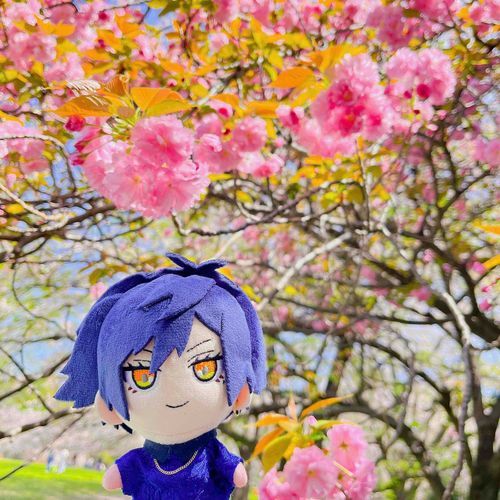 ピクニック🌸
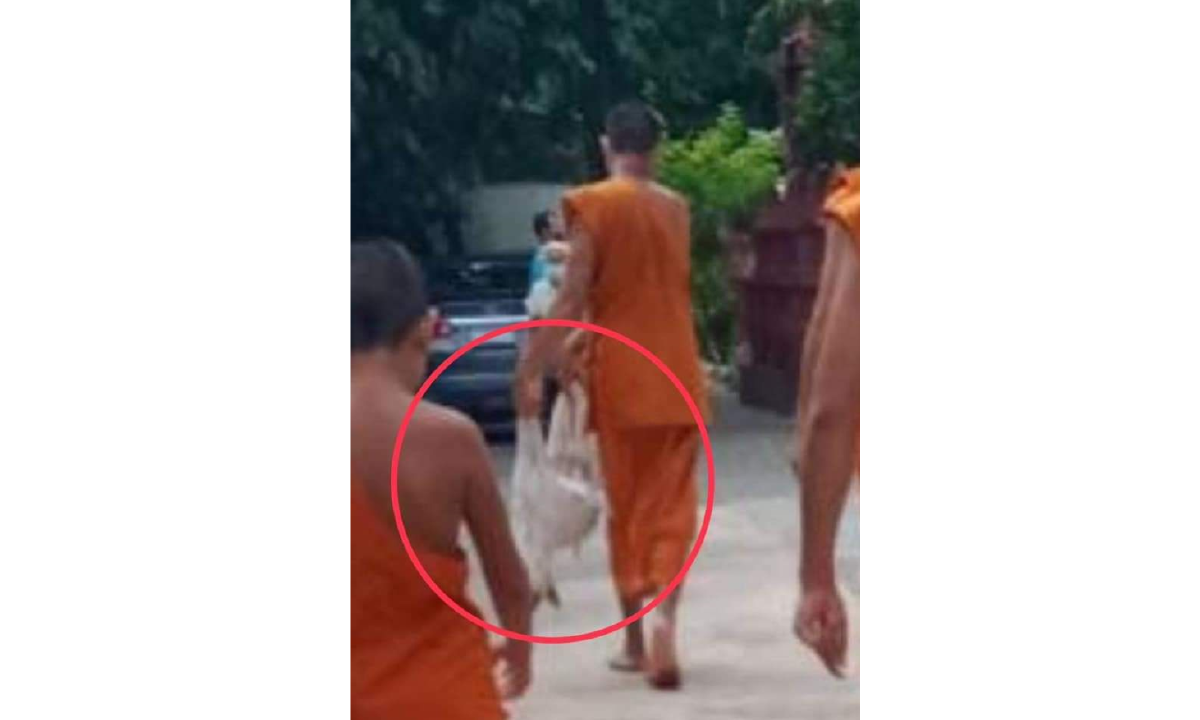 จวกยับ!รับพัดยศเจ้าอาวาส กลัวหมาเพ่นพ่าน จับไปปล่อยบ่อขยะเจ็บตายอื้อ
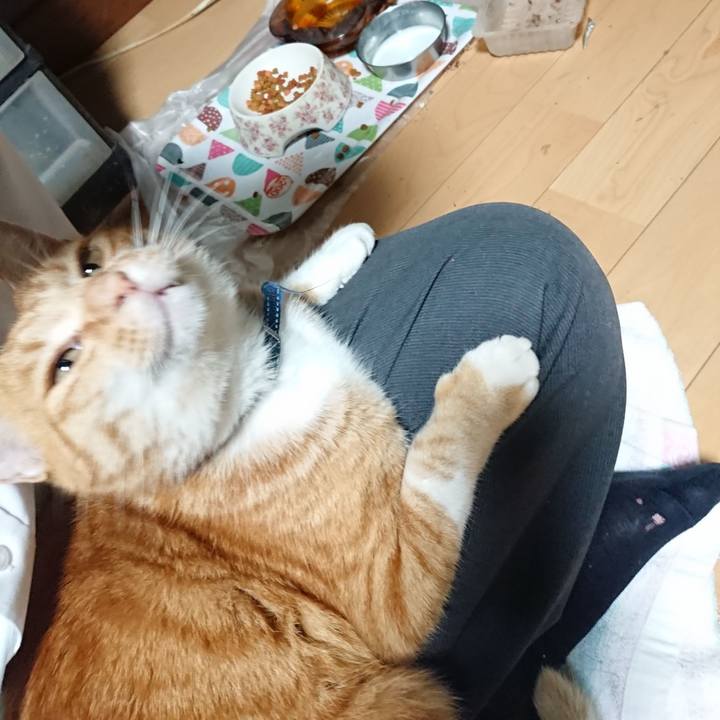 6aa7b95a e5f0 4bd8 a5de 7573f9edc63b 1601542684006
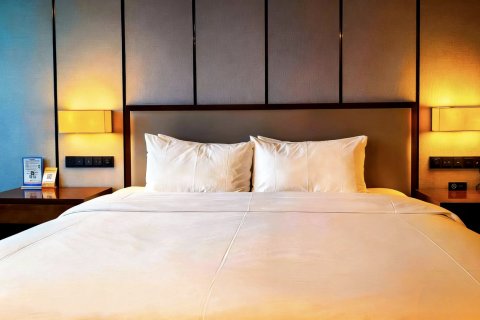 上海新桥绿地铂骊酒店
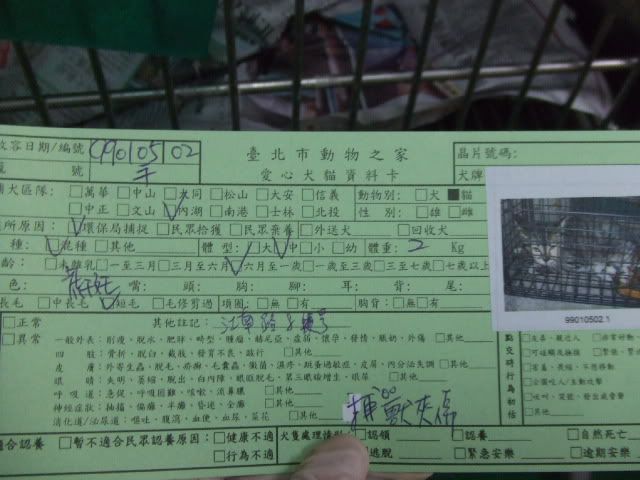 圖檔
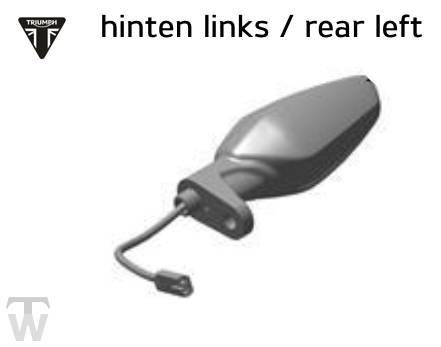 Blinker hinten links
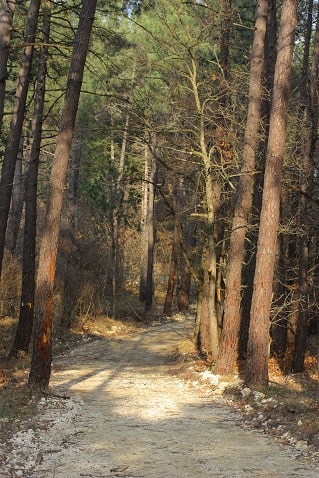 Bois de pin maritime, forêt communale de la Bégude-de-Mazenc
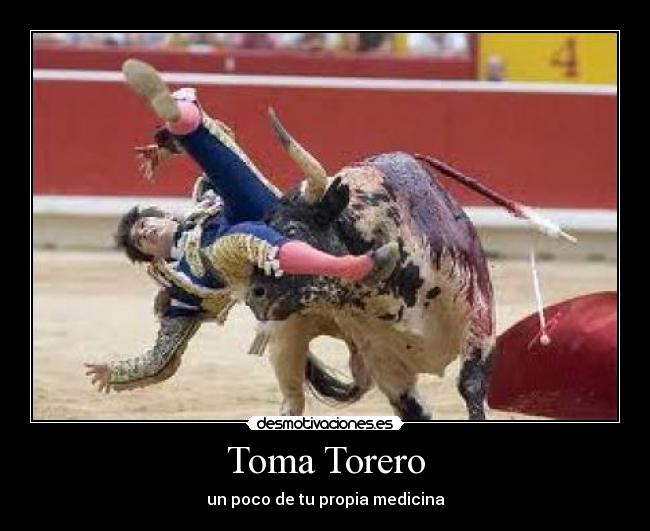 Toma Torero -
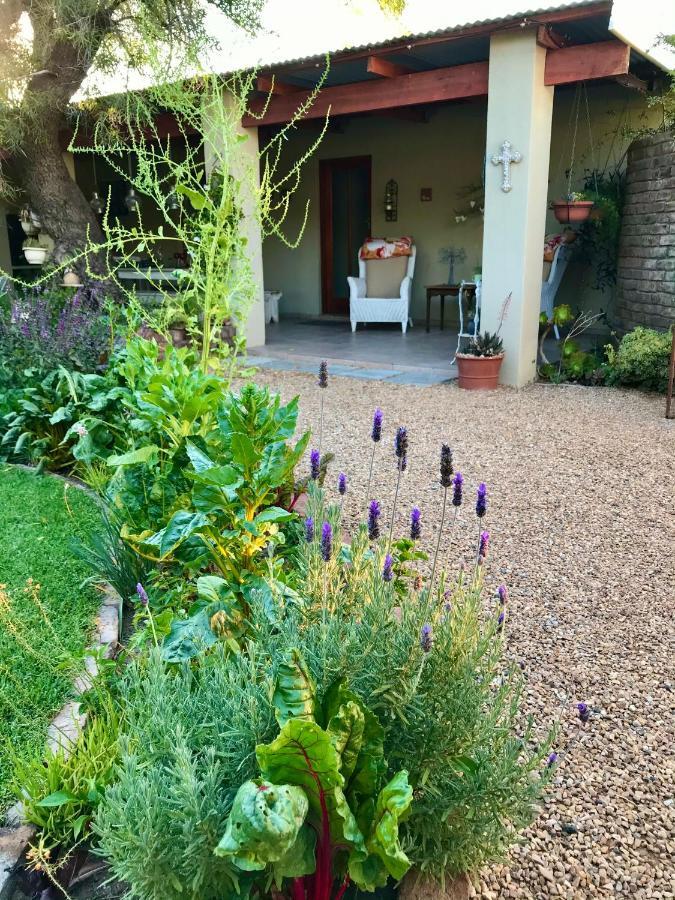 Pane Vivente Garden Cottage Beaufort West Dış mekan fotoğraf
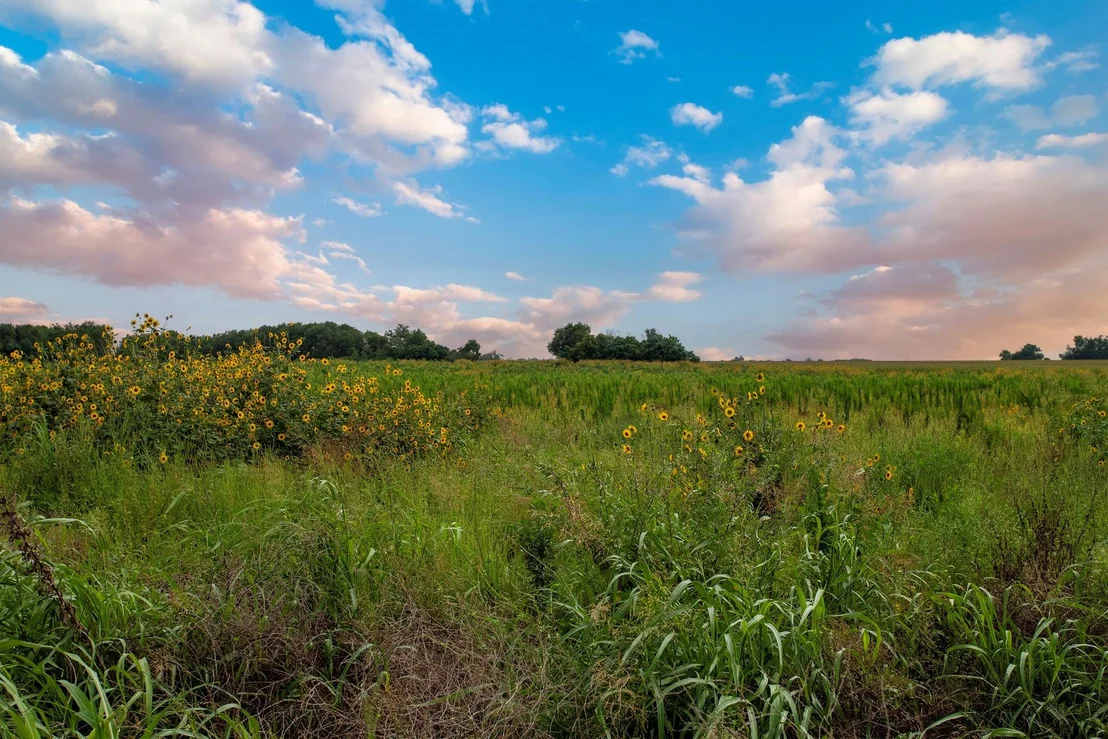 Photo of 150 County Road 126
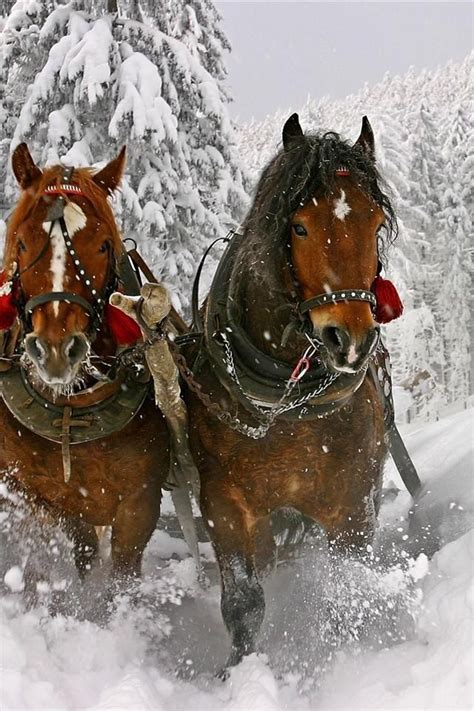 Christmas Horses So Pretty Horses Sleigh Ride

......

[PROBLEM] In the copy, no pictures are to appear; write out exactly the lines from the one containing "Bois de pin" through the end of the listing above and no further lines.

[SOLUTION TO THE PROBLEM]
 Bois de pin maritime, forêt communale de la Bégude-de-Mazenc
 Toma Torero -
 Pane Vivente Garden Cottage Beaufort West Dış mekan fotoğraf
 Photo of 150 County Road 126
 Christmas Horses So Pretty Horses Sleigh Ride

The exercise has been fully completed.